What is K-means? How can you select K for K-means?
Elbow method : Calculate the Within-Cluster-Sum of Squared Errors (WSS) for different values of k, and choose the k for which WSS first starts to diminish. In the plot of WSS-versus-k, this is visible as an elbow.
Silhouette method : The silhouette value measures how similar a point is to its own cluster (cohesion) compared to other clusters (separation).The range of the Silhouette value is between +1 and -1. A high value is desirable and indicates that the point is placed in the correct cluster. If many points have a negative Silhouette value, it may indicate that we have created too many or too few clusters.

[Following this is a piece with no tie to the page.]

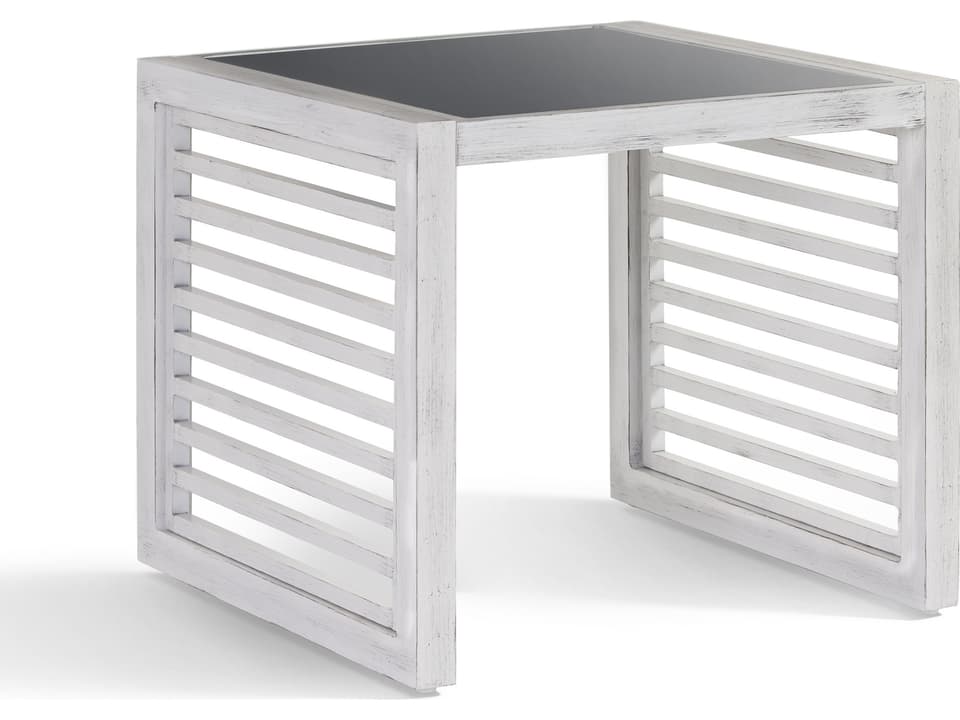 Veda Aluminum Square Outdoor End Table in Soft White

ref:https://towardsdatascience.com/10-tips-for-choosing-the-optimal-number-of-clusters-277e93d72d92
The k-means clustering algorithm splits an entire data into k sets. Each set contains a centroid, and the distance between the centroid and all the individual points in the set is minimized. To find those k centroids and their associated data points, this algorithm is followed:
-
Obtain the entire data set and randomly assign k centroids. (Those k centroids can be the first k data points.)
-
For each data point,
-
Calculate the absolute distance between the point and each of the k centroids.
-
The data point then becomes part of the the group of the centroid that corresponds to the data point’s minimum distance.
-
To update each centroid, take the mean of all the points inside its group.
-
Repeat steps 2 and 3 if the centroids have changed in step 3.
-
You are finished with the algorithm.